Redis clients and servers talk over RESP (Redis Serialization Protocol). It is a wire protocol, the format two programs use to exchange data over a network. The client sends commands in RESP, the server replies in RESP.
Let’s try to understand it with a few data types:
Basic rules
Every RESP value is terminated by \r\n. The first byte tells you the type:
+ simple string
- error
: integer
$ bulk string
* array
( big number
Once you know the type byte, the rest is trivial.
Integers
: followed by the number, terminated by \r\n.
:1000\r\n
Read bytes after : until \r\n, parse as a number.
Simple strings
+ followed by the string, terminated by \r\n.
+OK\r\n
Do you notice any problem with above?
It cannot contain \r or \n, else how will we identify terminating chars.
Bulk strings
$5\r\nhello\r\n
The $5 says: read exactly 5 bytes after the first \r\n. The parser does not search inside the string for delimiters.

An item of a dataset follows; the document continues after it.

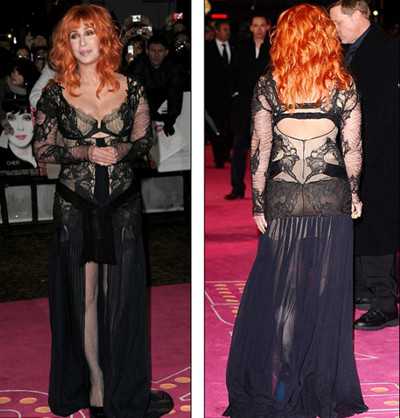 Trong khi đó nữ ca sĩ 64 tuổi thì táo bạo với mẫu đầm mặc cũng như không!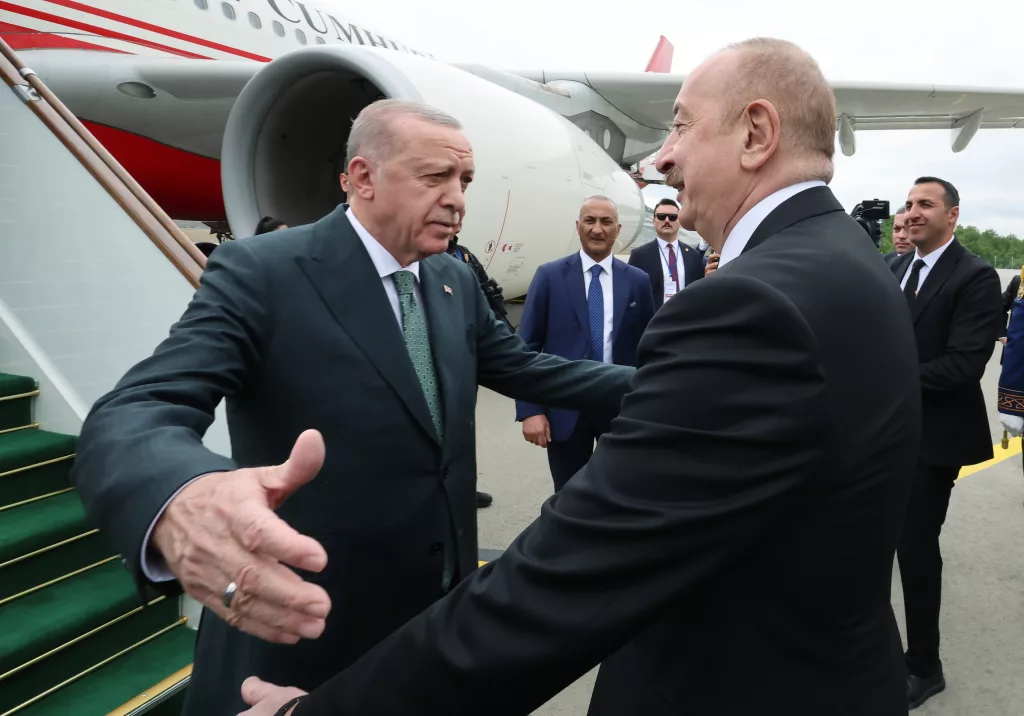 CUMHURBAŞKANI ERDOĞAN VE ALİYEV, LAÇIN ULUSLARARASI HAVALİMANI'NIN AÇILIŞINI YAPTI CUMHURBAŞKANI ERDOĞAN, AZERBAYCAN'DA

It reads the length, reads that many bytes, skips the trailing \r\n.
Because it never interprets the content, this is binary-safe.
Arrays
* followed by the element count.
*3\r\n:1\r\n:2\r\n:3\r\n
Which is [1, 2, 3].
The *3 means: call the same RESP parser three more times, once per element. Arrays can contain any RESP type, including other arrays:
Similarly, your array can have different types of elements present together and can
use the same encoding rules.
How commands are sent
Redis clients send commands as arrays of bulk strings. SET name vicky becomes:
*3\r\n$3\r\nSET\r\n$4\r\nname\r\n$7\r\nvicky\r\n
Broken down:
*3 three elements
$3 SET first bulk string
$4 name second bulk string
$7 vicky third bulk string
The server knows exactly where each argument starts and ends because the lengths are declared upfront.
Hey buy why not JSON?
JSON parsing is basically a bracket matching problem(actually much harder). You have {, }, [, ], quotes, escaped quotes, commas, and nesting. To parse it correctly you need to track depth, similar to the valid parentheses problem. You push when you see an opening bracket, pop when you see a closing one, and you cannot be sure the structure is complete until the stack is empty.

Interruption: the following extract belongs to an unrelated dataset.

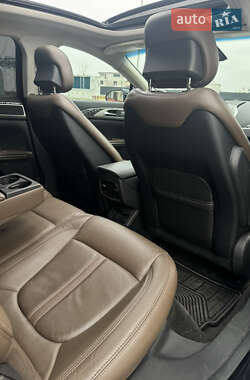 Седан Lincoln MKZ 2014 в 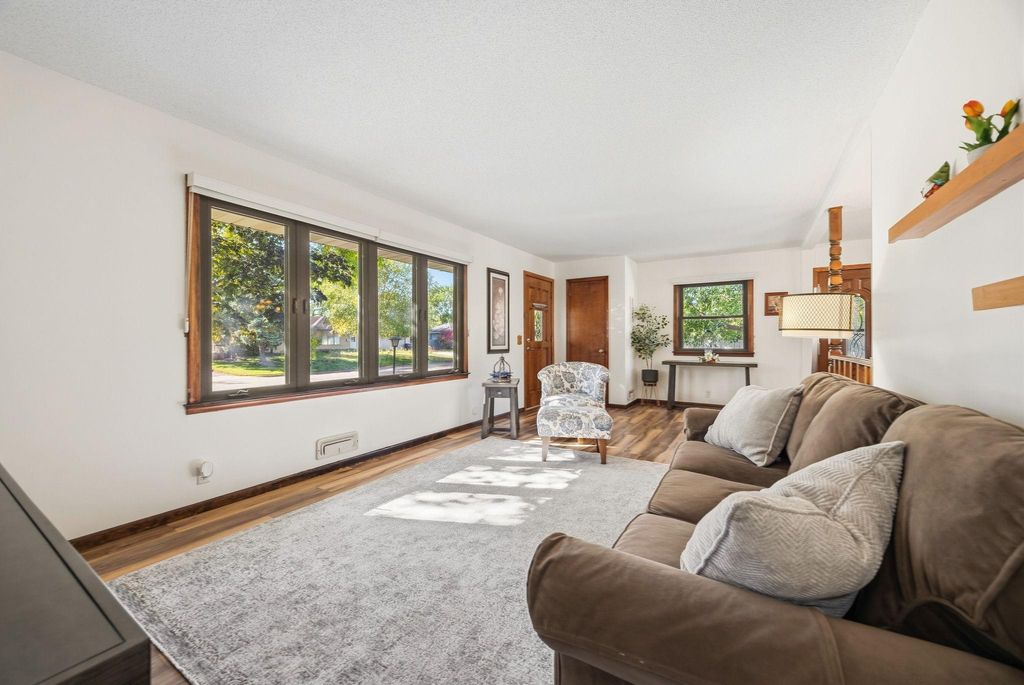 7208 Hartkopf Lane, Brooklyn Park, MN 55428 — photo 5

On top of that, strings in JSON are tricky. You cannot just stop at the next " because the previous character might be a \. So the parser has to look back or track escape state while reading.
RESP does not have any of this. Bulk strings tell you exactly how many bytes to read. Arrays tell you exactly how many elements to expect. There is no bracket matching, escape handling, or depth tracking. The parser just reads what it is told to read.